New research has identified the barriers faced by older people looking to set up a new business, and highlighted the potential cost of inaction to the UK economy.
The research by The Olderpreneur Alliance shows that while more over-50s than ever are thinking about going it alone with self-employment or a new business venture, they report a range of obstacles – from a lack of start-up and investment capital to difficulties accessing business support services and training.
Dr Isabella Moore CBE (pictured), who’s doctoral research into the subject led her to launch The Olderpreneurship Alliance at the age of 74 years, is now calling on government, business support services and financial institutions to do more to encourage and support so-called ‘olderpreneurs’ in response to the need for economic growth in the UK’s ageing society.
Dr Moore, a successful entrepreneur and former President of the British Chambers of Commerce, said: “Business creation is an important driver of economic growth and innovation, both of which are vital in the current economic climate.
“For older people, later-life entrepreneurship can provide a life-changing opportunity when they find it difficult to obtain full-time work or realise that pension income is insufficient; or see in later life the perfect chance to fulfil long-held business ambitions.
“For these reasons, it is vital that olderpreneurship is given every opportunity to flourish. Unfortunately, all our research indicates that, as things stand, older people wishing to set up in business face a significant number of obstacles and challenges, not least of which are ageist attitudes towards older people.”

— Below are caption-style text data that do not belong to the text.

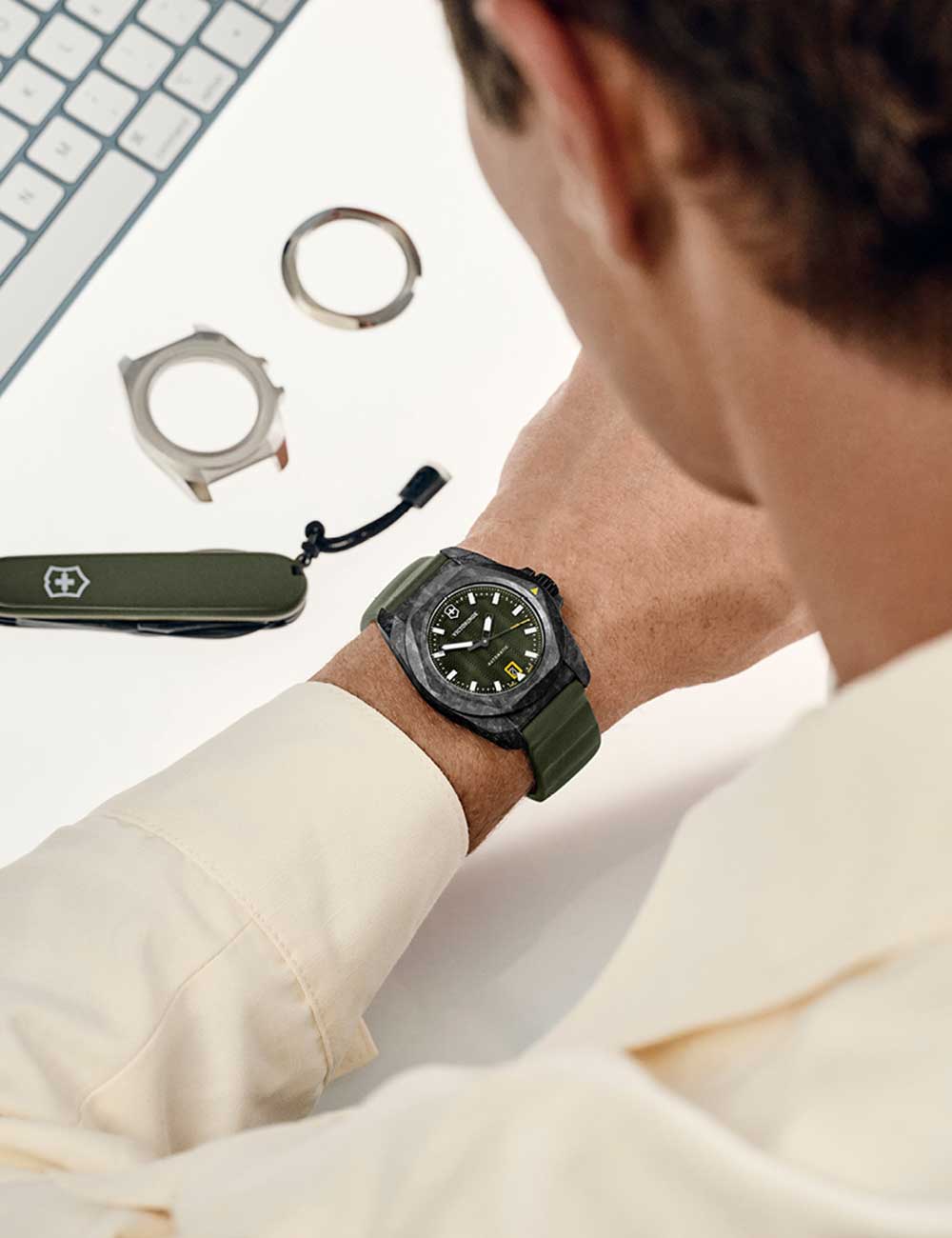 VICTORINOX Mod. 242021-1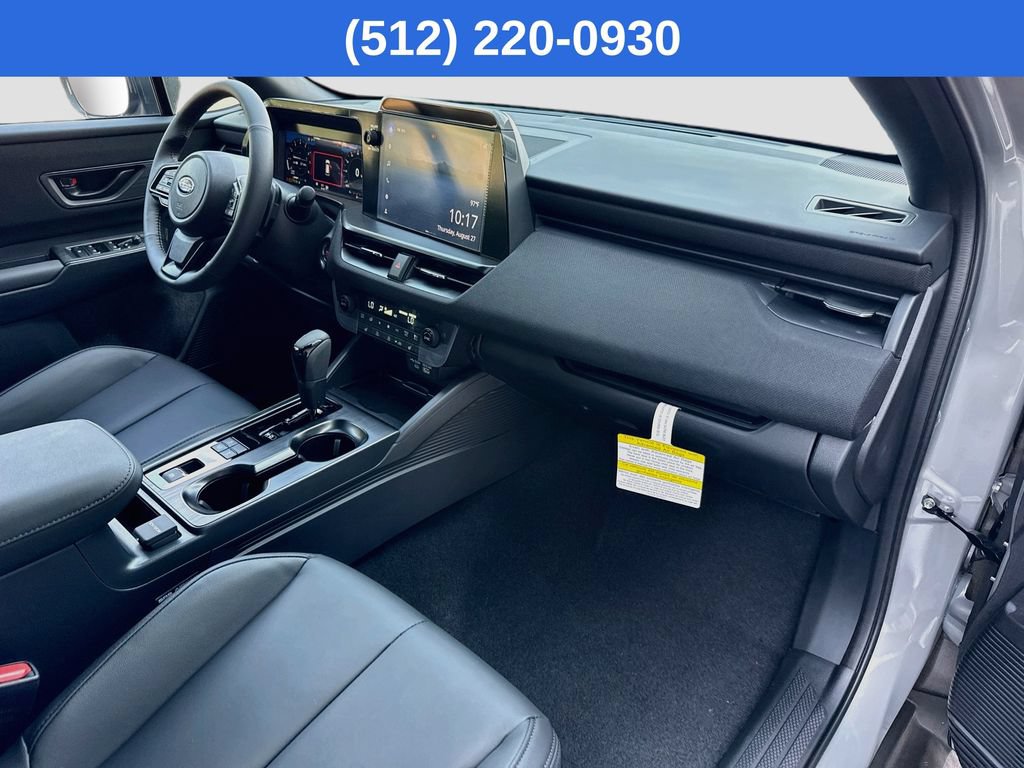New 2026 Subaru Outback Premium AWD/4WD image 38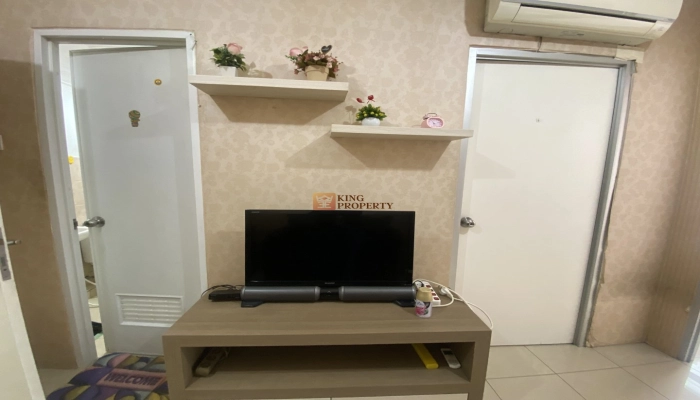 Green Bay Pluit Best Choice! Murah 2BR 38m² Tower Strategis View Pool Green Bay Pluit 3 img_9155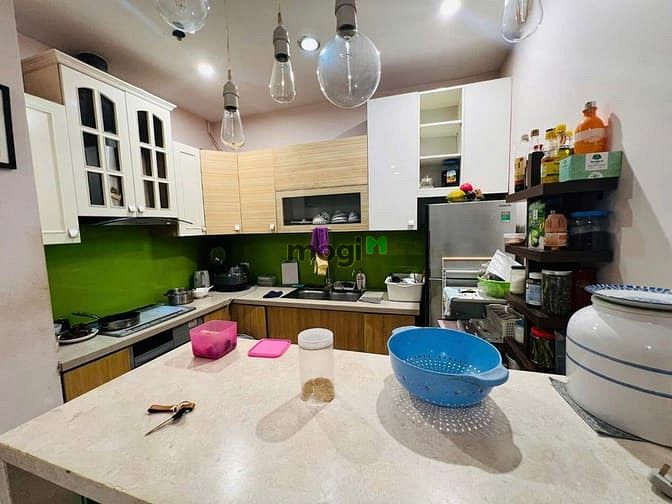 Hình ảnh Chung cư Ruby Garden, Nguyễn Sỹ Sách,  Tân Bình, 81m2, 2PN 11tr5/tháng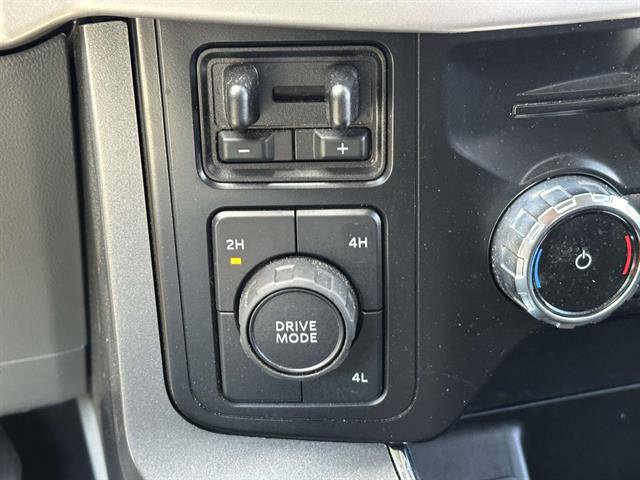 Used 2023 Ford F150 XLT w/ Equipment Group 302A High AWD/4WD image 19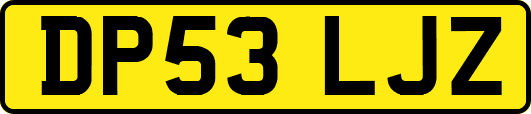 DP53LJZ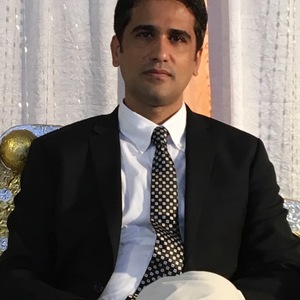 Saqib Saud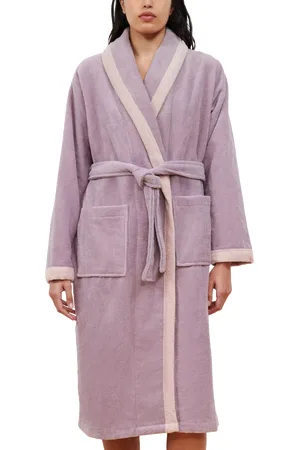 Femilet Kelly Soft Feel Bath Robe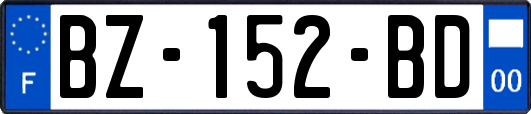 BZ-152-BD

The number of UK businesses run by people aged 55+ has steadily increased over the past decade, with the fastest growing age group of new business owners being those aged over 65. Encouragingly, the older you are when you start your business, the more likely your chances of success. In the US, MIT found that a 50-year-old founder is twice as likely to build an enterprise that leads to either a market flotation or successful acquisition as a 30-year-old founder.
Despite this, The Olderpreneur Alliance found that older people often hold back from going it alone because of a complex mix of personal, social, and economic barriers. While a majority of older people feel that age equips later-life entrepreneurs with a range of skills and achievements that can be harnessed for business creation, many feel this experience is undervalued by the business and wider communities.
The lack of confidence this creates can significantly undermine the intention to become an entrepreneur, as well as the ability of older people to access the resources needed for the venture.
Many potential olderpreneurs report a lack of financial resources to fund their start-up and ongoing financial commitments but see financial institutions as reluctant to invest in later-life business creation and government-type grant applications as too complex.
Business support services such as training and mentoring are also felt to be geared to younger entrepreneurs. A high proportion of older men and women report they would find it difficult or uncomfortable to attend business networking events and feel they would not be taken seriously as a later-life entrepreneur.
The research also identified a number of gender-specific barriers. Despite clear evidence of older women outperforming men in terms of attitude to risk, confidence in the transferability of their skills and experience, and levels of resilience and perseverance, many report feeling excluded from the enterprise culture because they don’t fit the popular image of the young, male entrepreneur.
Dr Moore added: “It is clear that an army of potential olderpreneurs stands ready and willing to mobilise, with the potential to make a huge economic and social contribution to this country.
“But what stands out strongly from our research is that both women and men in later life report difficulties in obtaining targeted, relevant business support to help them build both the practical business skills and the confidence they need to take this ambition forward.
“The Olderpreneur Alliance will shortly be launching its own mentoring and support services to help those looking to make this step in later-life, but we also urge all those in relevant government, business support and financial roles to consider how they can contribute to the unlocking of this vast, and largely untapped, resource.
“Banks and financial institutions need to acknowledge and then act to stimulate the untapped potential of later-life individuals seeking funding support and investment for business creation.
“Finally, and perhaps most importantly of all, we need an urgent change in our societal narrative – in the media and elsewhere – about later-life entrepreneurship, again particularly in relation to older women.”